Tom and Lisa Fryman relocated from Manhattan to Lexington in 1987 and didn't know where they wanted to live. They moved into the high-rise downtown condos called The Woodlands, but Lisa Fryman would drive around different neighborhoods to see what else was out there.
When she went down Ashwood Drive, near Ashland, the Henry Clay Estate, she passed a house that stood out: a one-story, four-bedroom, 31/2-bath home built of horizontal cut stone, with a low sloping roof, deep eaves and redwood trim around the windows and redwood garage doors.
"I said, 'Oh, my gosh, I love this house,'" Fryman recalled, laughing. "From then on, I called it 'my house.'"
It reminded her of a similar house in La Jolla, Calif., that she visited many times while growing up.
The house on Ashwood had been designed and built in 1949 by Lexington architect Ernst Johnson for his family.
Johnson was a well-known Modernist architect with close ties to Eero Saarinen, one of the most important American architects of the 20th century. The two had been classmates at Yale.
The Frymans and their three young daughters lived at The Woodlands for 10 years, until one morning in 1997 real estate agent Betty Jo Palmer called to tell Lisa, "Your house is for sale."
The couple bought the 3,000-square-foot house from Johnson's widow, Irma.
"After we moved in, I would walk around every day and say, 'I can't believe this is my house. It is so beautiful,'" Fryman said earlier this week.
That sentiment was hardly shared by some neighbors on Ashwood, a short, tucked-away street of traditional-style houses that connects Chinoe and Woodspoint roads.
"They hated it," said architect Sarah House Tate, founder of the Lexington firm Tate Hill Jacobs Architects.
Tate has great admiration for Johnson and interviewed Irma several times while she still lived in the house.
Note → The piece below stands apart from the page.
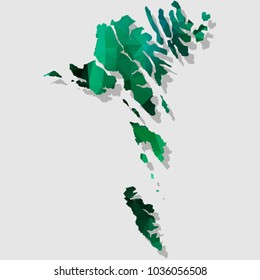 Map-FaroeIslands Map Each city combines polygon pattern emerald green eps vector illustration 10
On Monday, she will give a lecture, "Design and Influence: Ernst Johnson at the University of Kentucky."
Johnson was a professor of civil engineering at UK, hired by the university straight out of Yale. He essentially became the university's architect from the late 1930s through the '50s, designing 13 buildings on campus, all in a Modernist style.
"And he had his hand in a helluva lot more," said Lexington architect Byron Romanowitz, who was Johnson's partner in the firm Johnson Romanowitz Architects.
Johnson died in 1972, but he has been in the news recently after UK announced plans to raze several of his buildings, including Holmes Hall (built in 1956), the Wenner-Gren Aeronautical Laboratory (1941) and Jewell Hall (1938).
How typical, Romanowitz said.
"When architects on the contemporary edge design buildings, people don't like what they do," he said, chuckling. "They have to wait 50 years or until the architect dies for the public to suddenly find value in what they did."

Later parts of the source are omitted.